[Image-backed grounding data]
==================================================
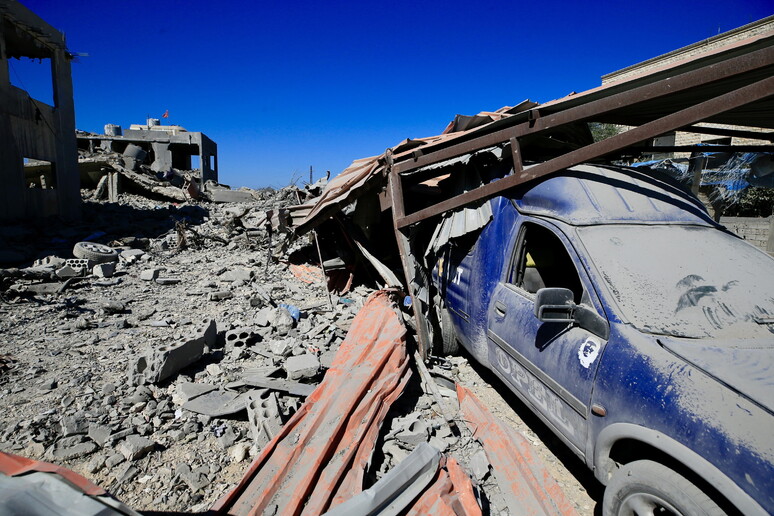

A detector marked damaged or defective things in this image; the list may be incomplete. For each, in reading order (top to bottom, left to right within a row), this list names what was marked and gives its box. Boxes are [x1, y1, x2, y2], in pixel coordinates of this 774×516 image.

damaged concrete wall [0, 0, 80, 222]
rusty metal beam [394, 44, 774, 173]
rusty metal beam [398, 75, 774, 229]
rusted metal sheet [0, 450, 107, 498]
broken concrete slab [129, 316, 217, 384]
rusted metal sheet [209, 290, 410, 516]
rusted metal sheet [406, 456, 484, 516]
rusted metal sheet [458, 384, 580, 512]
==================================================
## WHAT YOU HAVE TO DO
The entries above must be restated exactly in the answer, and the pictures left out.

## ANSWER SPACE
A detector marked damaged or defective things in this image; the list may be incomplete. For each, in reading order (top to bottom, left to right within a row), this list names what was marked and gives its box. Boxes are [x1, y1, x2, y2], in pixel coordinates of this 774×516 image.

damaged concrete wall [0, 0, 80, 222]
rusty metal beam [394, 44, 774, 173]
rusty metal beam [398, 75, 774, 229]
rusted metal sheet [0, 450, 107, 498]
broken concrete slab [129, 316, 217, 384]
rusted metal sheet [209, 290, 410, 516]
rusted metal sheet [406, 456, 484, 516]
rusted metal sheet [458, 384, 580, 512]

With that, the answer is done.